Say you have an array for which the ith element is the price of a given stock on day i.

Design an algorithm to find the maximum profit. You may complete at most two transactions.

Note:
You may not engage in multiple transactions at the same time (ie, you must sell the stock before you buy again).

DP Accepted

题目要求最多只能交易（买进卖出）两次。
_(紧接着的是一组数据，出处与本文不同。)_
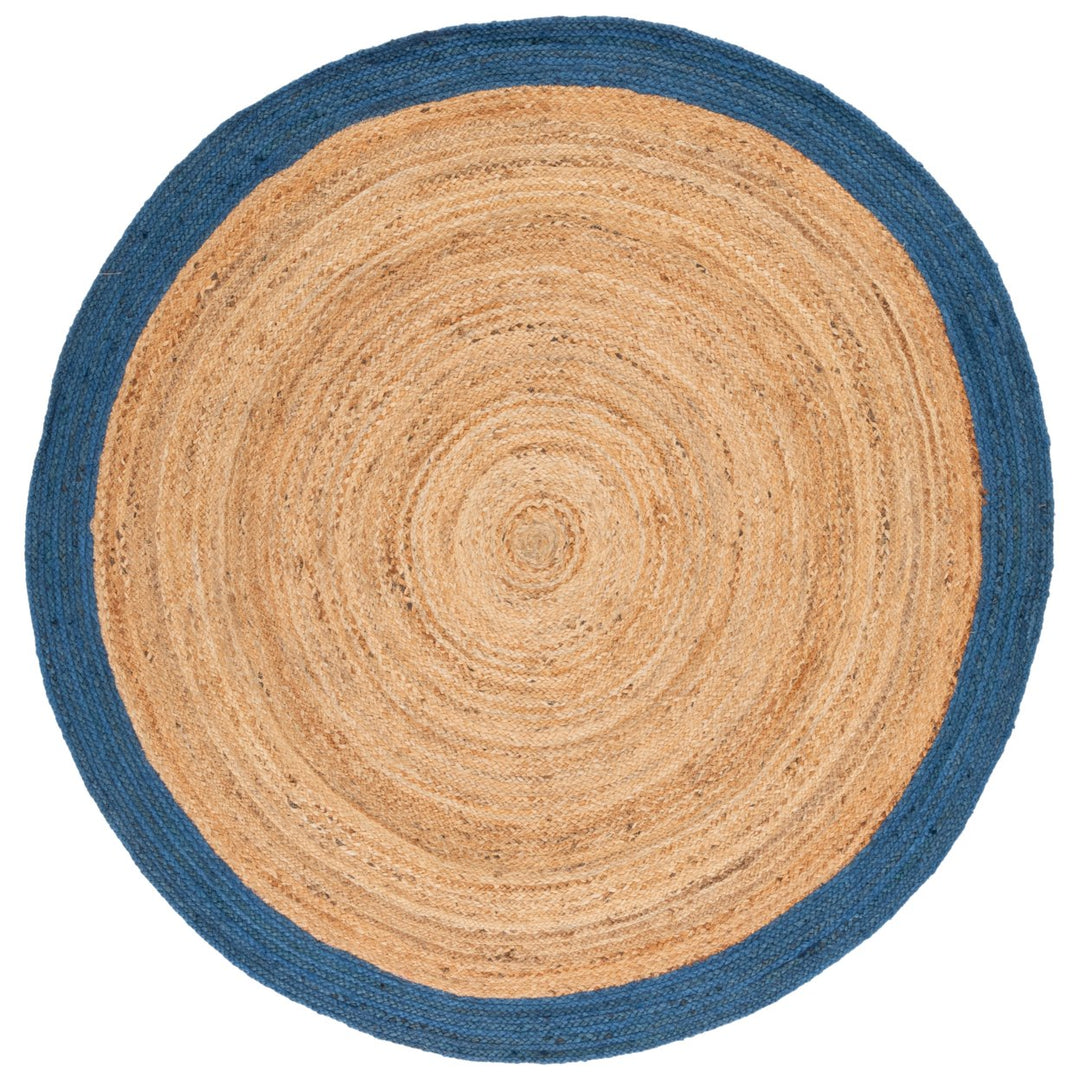 SAFAVIEH Natural Fiber NFB852M Natural / Blue Rug Image 1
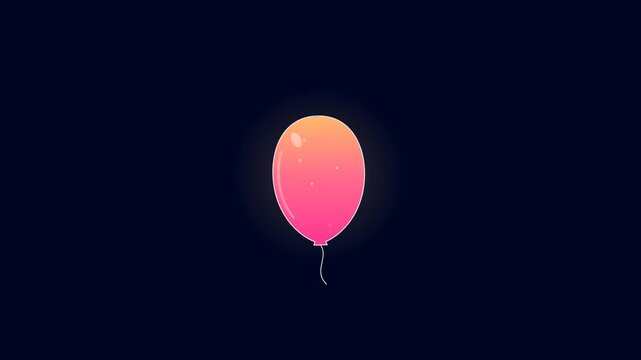Celebration party balloon filling with sunset coral liquid and floating string loop on dark background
所以就可以用sell2[i]表示前i天第二次卖出后手中最多有的钱，buy2[i]表示前i天第二次买入后手中最多有的钱，sell1[i]表示前i天第一次卖出后手中最多有的钱，buy1[i]表示前i天第一次买入后手中最多有的钱，其中，假设一开始手中钱的数量为0。可以得到规律：

sell2[i] = max(sell2[i-1], buy2[i-1]+prices[i]);

buy2[i] = max(buy2[i-1], sell1[i-1]-prices[i]);

sell1[i] = max(sell1[i-1], buy1[i-1]+prices[i]);

buy1[i] = max(buy1[i-1], -prices[i]);

观察可以发现，上述四个变量的值只与前一状态有关，所以可以用单个的变量来代替数组。

class Solution {
public:
    int maxProfit(vector<int>& prices) {
        int sell2 = 0, sell1 = 0, buy2 = numeric_limits<int>::min(), buy1 = numeric_limits<int>::min();
        for (int i = 0; i < prices.size(); i++) {
            sell2 = max(sell2, buy2+prices[i]);
            buy2 = max(buy2, sell1-prices[i]);
            sell1 = max(sell1, buy1+prices[i]);
            buy1 = max(buy1, -prices[i]);
        }
        return sell2;
    }
};